E' guerra tra indipendentisti sull'uso del logo, del nome e dei simboli del Movimentu de liberatzioni natzionali sardu. Da una parte Sergio Pes, presidente del governo provvisorio sardo costituito lo scorso autunno a Oristano, dove ha anche la sede in via Dritta.
Dall'altra, il leader di Paris Malu Entu Salvatore 'Doddore' Meloni che rivendica la proprietà di nome e simboli del Movimentu utilizzati da Pes. E minaccia di portarlo in Tribunale per impedirgliene l'uso.

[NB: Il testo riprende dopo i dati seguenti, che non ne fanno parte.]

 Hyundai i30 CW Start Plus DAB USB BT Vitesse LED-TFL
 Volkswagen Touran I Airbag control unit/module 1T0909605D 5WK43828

Una nota firmata da Alessandra Meli e Bruno Delussu, fedelissimi di Meloni, rispettivamente presidente e vice presidente di Malu Entu, parla di strane coincidenze per l'uso di questi simboli da parte di Pes a pochi giorni dai clamorosi arresti nell'ambito dell'inchiesta sul secessionismo veneto, che vede indagato lo stesso Meloni. Doddore e compagni si dissociano "in maniera netta" da tutte le attività e le dichiarazioni di Pes perché, spiegano, "l'indipendenza della Sardegna può essere tranquillamente ottenuta tramite il voto e le leggi internazionali che tutelano il diritto dei popoli all'autodeterminazione".